Panda Bear & Sonic Boom
(Big Top, 11.00pm, Friday)
Animal Collective’s angelic, Wilsonian singer-creator, Noah “Panda Bear” Lennox, and the one-time Spacemen 3 man Peter “Sonic Boom” Kember both live in or near Lisbon, Portugal and collaborate regularly, though never more symbiotically than on Reset, one of MOJO’s albums of 2022. This year they’ve been playing their album, live, from start to finish and encoring with choice cuts from both artists’ solo catalogues. That makes their shows sound schematic, but MOJO’s experience is of an ever-evolving presentation, growing more powerful with every visit. Beginning with samples from (by and large) early ’60s 45s in the Boom collection, their Reset songs become epic blooms that channel the innocence and minimalism of early rock, finding a seed of psych in each and coaxing it into full flower. Their late-night End Of The Road set was the festival highlight of most who saw it. “Everly Brothers on acid!” said one sparkly-eyed convert. Although hallucinogens may have been ingested.
Wet Leg
(Woods Stage, 7.30pm, Saturday)
The penultimate set of the festival’s main stage bill on Saturday evening had been ringfenced for a Mystery Artist – and the secret was well kept until early afternoon on the day. End Of The Road plays a part in the Wet Leg story, as the idea for the band was hatched by its main protagonists at a previous EOTR (co-writing guitarist Josh Mobaraki also hails from nearby Salisbury) – of which main singer Rhian Teasdale reminded us early doors, after apologising for a very heavy cold.

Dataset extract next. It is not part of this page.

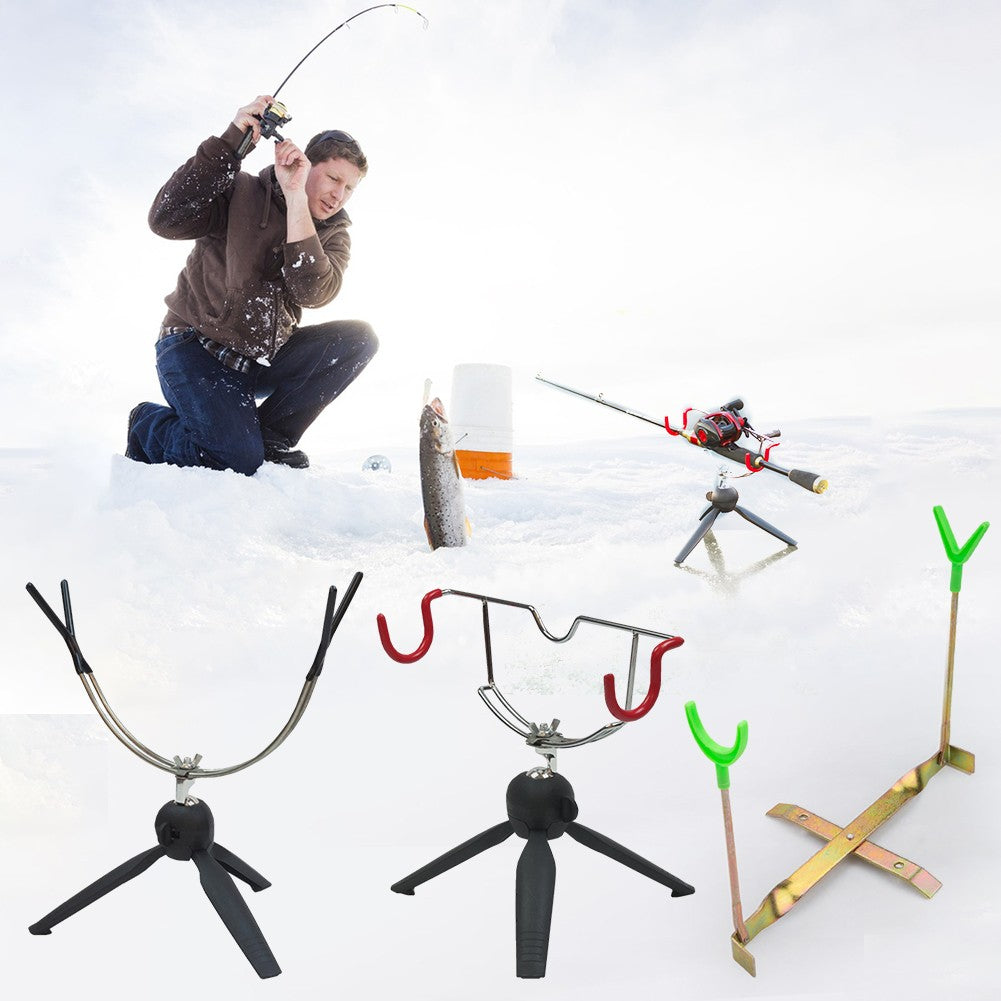 Suporte de Vara de Pesca de Gelo Dupla Cabeça Suporte Portátil para Vara de Pesca de Gelo Fácil Instalação Suporte de Vara de Inverno para Equipamento de Pesca de Inverno Mar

But actually, Wet Leg needed no apologies. With more buzz, charisma, fun factor, breadth of appeal and recent album sales to Wet Leg’s name than more or less any other act appearing over the weekend, MOJO felt sorry for The Anchoress, whose set overlapped in the Big Top tent, and Future Islands, obliged to headline the Woods above them. And that was before they proceeded to dispel any lingering impressions of them as novelty lightweights. Saw-toothed, well-drilled, loud and heavy, they sounded more like a top-drawer early-’90s grunge-pop band than their records suggest. While their quirks (when guitarist and co-writer Hester Chambers sang verses, she covered her eyes, as if blocking out the crowd) reminded us that, in many ways, there’s never been a band quite like Wet Leg.
Alogte Oho & His Sounds Of Joy
(Garden Stage, 4.30, Sunday)
MOJO’s World Music correspondent David Hutcheon had urged, “Whatever you do, don’t miss Alogte Oho,” and we were wise to heed his advice. Northern Ghanaian Oho is a gospel man, with much pointing to the heavens to make clear the inspiration for his songs, but there was no need for a pre-existing religious bent to feel saved by his mid-afternoon set on the festival’s final day. Reggae, soul, funk (A Lemine Me gave off hints of Curtis Mayfield) and highlife melted together in a high-energy cocktail founded on drums and bass-synth, fired by inspired saxophone and trumpet duelling, and brought home by the laser intercessions of two female co-singers with the most insane time-keeping imaginable. Meanwhile, When the spirit moved him, which was often, Oho would spin around and his pleated tunic would lift up like a rah-rah skirt. The stereotype of the End Of The Road audience as attentive but polite was overturned, as rump-shaking abandon of all sorts was observed. Again, not quite Woodstock, but not a million miles away, either.